To understand hyperinflation, this example from Art Cashin dealing with the price of a German loaf of bread is enlightening:
To understand the incomprehensible scope of the German inflation maybe it’s best to start with something basic….like a loaf of bread. (To keep things simple we’ll substitute dollars and cents in place of marks and pfennigs. You’ll get the picture.) In the middle of 1914, just before the war, a one pound loaf of bread cost 13 cents. Two years later it was 19 cents. Two years more and it sold for 22 cents. By 1919 it was 26 cents. Now the fun begins.
In 1920, a loaf of bread soared to $1.20, and then in 1921 it hit $1.35. By the middle of 1922 it was $3.50. At the start of 1923 it rocketed to $700 a loaf. Five months later a loaf went for $1200. By September it was $2 million. A month later it was $670 million (wide spread rioting broke out). The next month it hit $3 billion. By mid month it was $100 billion. Then it all collapsed.
Many people know that the Supply of Money is related (generally with a lag) to price inflation. Few understand that all hyperinflations occur when the Demand for Money collapses.
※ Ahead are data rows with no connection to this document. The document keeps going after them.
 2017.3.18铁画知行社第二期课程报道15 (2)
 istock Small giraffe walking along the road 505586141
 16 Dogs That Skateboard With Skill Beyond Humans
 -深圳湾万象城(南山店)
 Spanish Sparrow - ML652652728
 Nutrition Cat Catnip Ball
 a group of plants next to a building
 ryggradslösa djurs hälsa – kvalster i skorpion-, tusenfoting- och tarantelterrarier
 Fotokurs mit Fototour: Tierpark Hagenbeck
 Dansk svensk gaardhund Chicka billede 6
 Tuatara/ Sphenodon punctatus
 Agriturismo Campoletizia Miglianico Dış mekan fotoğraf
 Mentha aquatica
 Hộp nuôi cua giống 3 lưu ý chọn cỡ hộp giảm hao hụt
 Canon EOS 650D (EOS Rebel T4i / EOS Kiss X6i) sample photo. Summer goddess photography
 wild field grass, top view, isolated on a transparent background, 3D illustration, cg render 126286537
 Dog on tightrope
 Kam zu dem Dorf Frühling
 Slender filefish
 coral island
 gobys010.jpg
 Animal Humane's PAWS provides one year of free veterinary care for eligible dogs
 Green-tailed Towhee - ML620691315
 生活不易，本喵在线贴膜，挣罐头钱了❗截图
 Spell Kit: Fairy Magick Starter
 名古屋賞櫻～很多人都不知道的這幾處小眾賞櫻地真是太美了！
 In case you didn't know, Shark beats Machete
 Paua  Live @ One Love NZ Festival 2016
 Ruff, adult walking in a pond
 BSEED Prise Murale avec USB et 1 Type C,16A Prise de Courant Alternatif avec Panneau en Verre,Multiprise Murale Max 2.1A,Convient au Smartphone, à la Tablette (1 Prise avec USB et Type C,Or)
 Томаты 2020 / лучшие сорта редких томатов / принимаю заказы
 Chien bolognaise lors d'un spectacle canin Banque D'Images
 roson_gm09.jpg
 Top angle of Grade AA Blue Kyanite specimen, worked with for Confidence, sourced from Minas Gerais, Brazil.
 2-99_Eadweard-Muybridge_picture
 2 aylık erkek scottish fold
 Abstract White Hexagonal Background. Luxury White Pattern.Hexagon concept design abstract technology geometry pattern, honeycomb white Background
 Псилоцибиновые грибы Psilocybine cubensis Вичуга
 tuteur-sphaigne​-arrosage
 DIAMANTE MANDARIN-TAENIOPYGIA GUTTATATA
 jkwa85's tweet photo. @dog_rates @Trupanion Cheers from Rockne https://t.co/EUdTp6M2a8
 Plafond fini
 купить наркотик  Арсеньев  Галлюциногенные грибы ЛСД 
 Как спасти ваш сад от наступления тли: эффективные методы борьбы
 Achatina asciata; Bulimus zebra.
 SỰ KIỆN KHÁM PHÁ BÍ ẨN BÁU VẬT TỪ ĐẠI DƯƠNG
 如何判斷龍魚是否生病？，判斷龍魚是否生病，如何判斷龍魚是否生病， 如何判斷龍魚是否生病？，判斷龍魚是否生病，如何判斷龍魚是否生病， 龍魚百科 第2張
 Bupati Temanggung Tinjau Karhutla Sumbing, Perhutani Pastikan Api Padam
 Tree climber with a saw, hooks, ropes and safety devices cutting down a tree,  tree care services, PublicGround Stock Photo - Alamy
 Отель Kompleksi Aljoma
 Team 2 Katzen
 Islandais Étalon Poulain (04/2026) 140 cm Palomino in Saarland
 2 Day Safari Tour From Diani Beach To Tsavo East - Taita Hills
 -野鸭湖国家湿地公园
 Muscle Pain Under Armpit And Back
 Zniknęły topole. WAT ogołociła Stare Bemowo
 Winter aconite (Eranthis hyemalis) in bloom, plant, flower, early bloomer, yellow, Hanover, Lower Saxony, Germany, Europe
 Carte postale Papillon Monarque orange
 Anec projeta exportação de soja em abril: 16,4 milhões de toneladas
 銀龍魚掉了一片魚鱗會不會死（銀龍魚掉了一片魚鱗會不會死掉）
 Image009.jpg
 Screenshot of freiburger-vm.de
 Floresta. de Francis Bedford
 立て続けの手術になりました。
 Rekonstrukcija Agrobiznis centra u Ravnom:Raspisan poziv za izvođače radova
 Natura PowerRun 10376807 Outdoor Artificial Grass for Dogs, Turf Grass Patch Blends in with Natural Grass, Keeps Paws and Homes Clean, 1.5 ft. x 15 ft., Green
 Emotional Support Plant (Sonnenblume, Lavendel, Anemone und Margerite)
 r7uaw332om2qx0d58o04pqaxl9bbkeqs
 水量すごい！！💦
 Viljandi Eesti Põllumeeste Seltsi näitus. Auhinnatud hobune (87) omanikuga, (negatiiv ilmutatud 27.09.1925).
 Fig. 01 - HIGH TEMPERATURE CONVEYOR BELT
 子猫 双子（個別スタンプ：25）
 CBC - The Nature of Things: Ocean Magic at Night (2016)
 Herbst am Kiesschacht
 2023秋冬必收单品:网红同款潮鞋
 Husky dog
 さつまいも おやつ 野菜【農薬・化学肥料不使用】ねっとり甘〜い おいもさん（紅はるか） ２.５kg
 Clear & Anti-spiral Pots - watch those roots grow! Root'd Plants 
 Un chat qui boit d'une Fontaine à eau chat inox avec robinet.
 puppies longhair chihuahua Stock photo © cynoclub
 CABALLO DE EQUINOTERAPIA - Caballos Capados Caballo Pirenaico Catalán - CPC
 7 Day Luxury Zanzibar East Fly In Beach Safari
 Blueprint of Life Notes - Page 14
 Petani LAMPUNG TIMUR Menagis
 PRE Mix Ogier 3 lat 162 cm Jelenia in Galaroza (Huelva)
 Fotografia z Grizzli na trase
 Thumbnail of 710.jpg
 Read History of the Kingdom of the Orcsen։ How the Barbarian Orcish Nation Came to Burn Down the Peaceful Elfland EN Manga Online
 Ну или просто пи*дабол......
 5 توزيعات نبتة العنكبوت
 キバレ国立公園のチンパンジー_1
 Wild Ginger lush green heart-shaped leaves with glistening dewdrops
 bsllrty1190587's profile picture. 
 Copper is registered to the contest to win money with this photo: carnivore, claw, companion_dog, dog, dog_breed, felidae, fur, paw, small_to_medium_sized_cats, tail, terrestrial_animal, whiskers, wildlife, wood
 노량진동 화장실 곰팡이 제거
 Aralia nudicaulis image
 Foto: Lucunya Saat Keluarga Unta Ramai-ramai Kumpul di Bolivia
At some point in the process of inflating the supply of money, people recognize what is happening and begin to spend money faster (the “velocity” of money) increases) in order to avoid expected price increases.
When matters become especially obvious, no one wants to hold money. Vendors refuse to accept it and exchange goods only for other goods (barter). In monetarist terms, the velocity of money accelerates rapidly. At this point, the government or central bank has lost complete control. Changes to the money supply are dwarfed by changes in money demand. Hyperinflation is the result.